The automated part can solve three main types of tasks: binary classification, multiclass classification, and regression. You can choose either a fully automated approach or manually pick the ML method to be used. Currently, IBM has ten methods to cover these three groups of tasks:
- Logistic regression
- Decision tree classifier
- Random forest classifier
- Gradient boosted tree classifier
- Naive Bayes
- Linear regression
- Decision tree regressor
- Random forest regressor
- Gradient boosted tree regressor
- Isotonic regression
Separately, IBM offers deep neural network training workflow with flow editor interface similar to the one used in Azure ML Studio.
If you’re looking for advanced capabilities, IBM ML has notebooks such as Jupiter to program models manually using popular frameworks like TensorFlow, scikit-learn, PyTorch, and others.
To wrap up with machine learning as a service (MLaaS) platforms, it seems that Azure has currently the most versatile toolset on the MLaaS market. It covers the majority of ML-related tasks, provides two distinct products for building custom models, and has a solid set of APIs for those who don’t want to attack data science with their bare hands.

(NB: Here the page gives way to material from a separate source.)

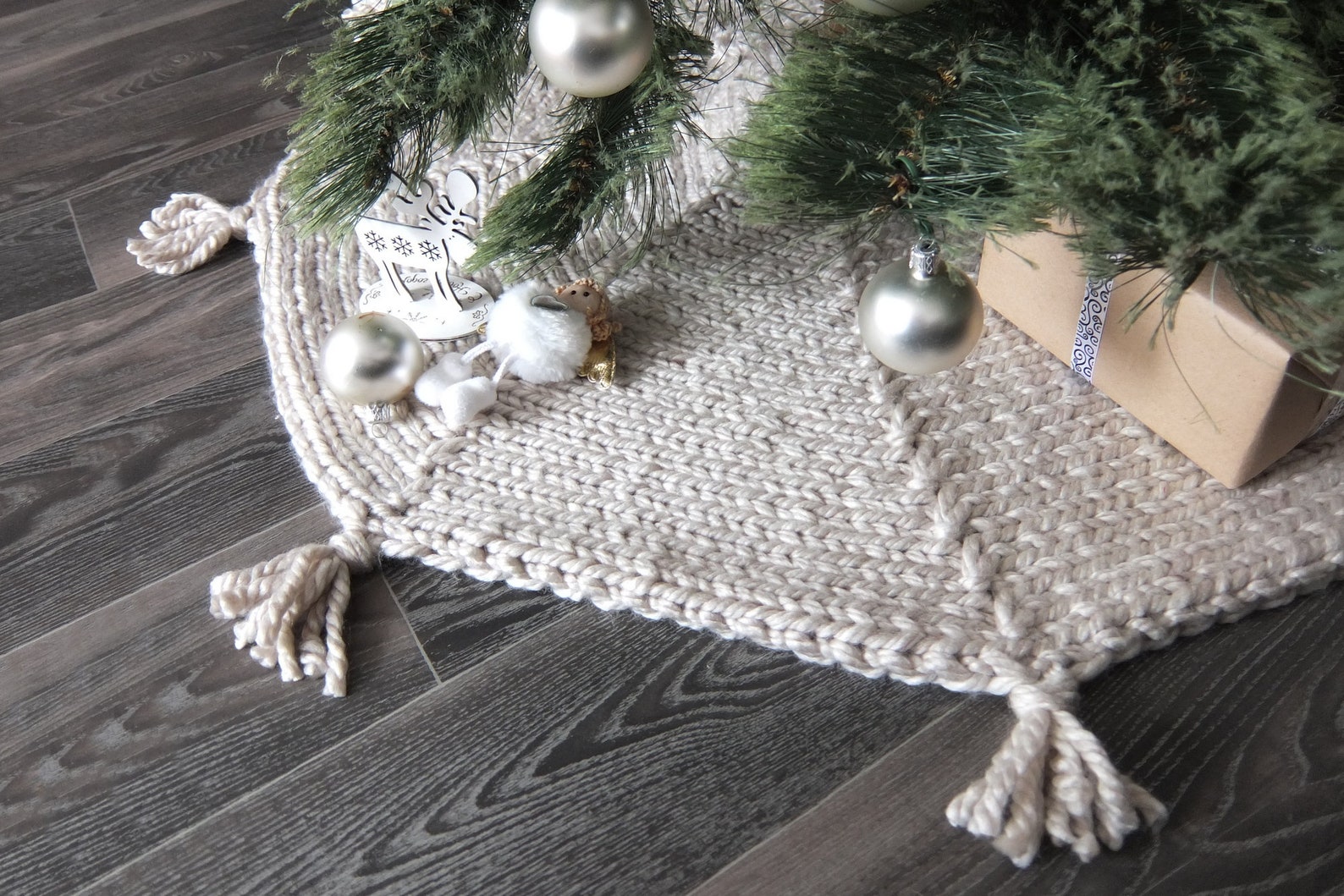 Christmas tree skirt Chunky tree skirt White silver retro Etsy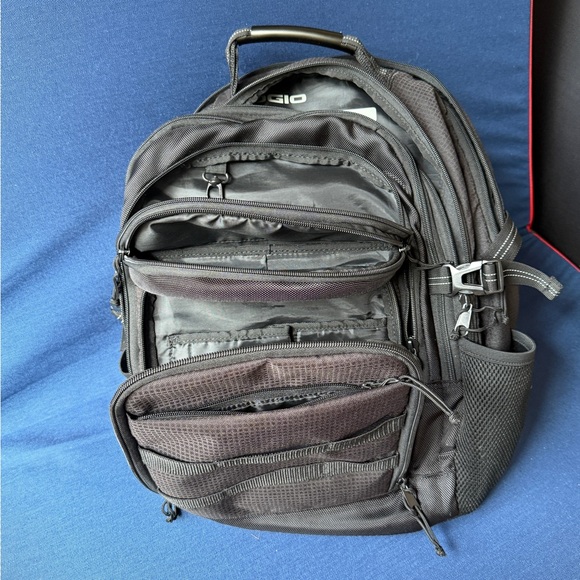 Ogio Alpha Backpack - Picture 3 of 5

Machine learning APIs from Amazon, Microsoft, Google, and IBM comparison
Besides full-blown platforms, you can use high-level APIs. These are the services with trained models under the hood that you can feed your data into and get results. APIs don’t require machine learning expertise at all. Currently, the APIs from these four vendors can be broadly divided into three large groups:
1) text recognition, translation, and textual analysis
2) image + video recognition and related analysis
3) other, that includes specific uncategorized services
Microsoft suggests the richest list of features. However, the most critical ones are available from all vendors
Speech and text processing APIs: Amazon
Amazon provides multiple APIs that aim at popular tasks within text analysis. These are also highly automated in terms of machine learning and just need proper integration to work.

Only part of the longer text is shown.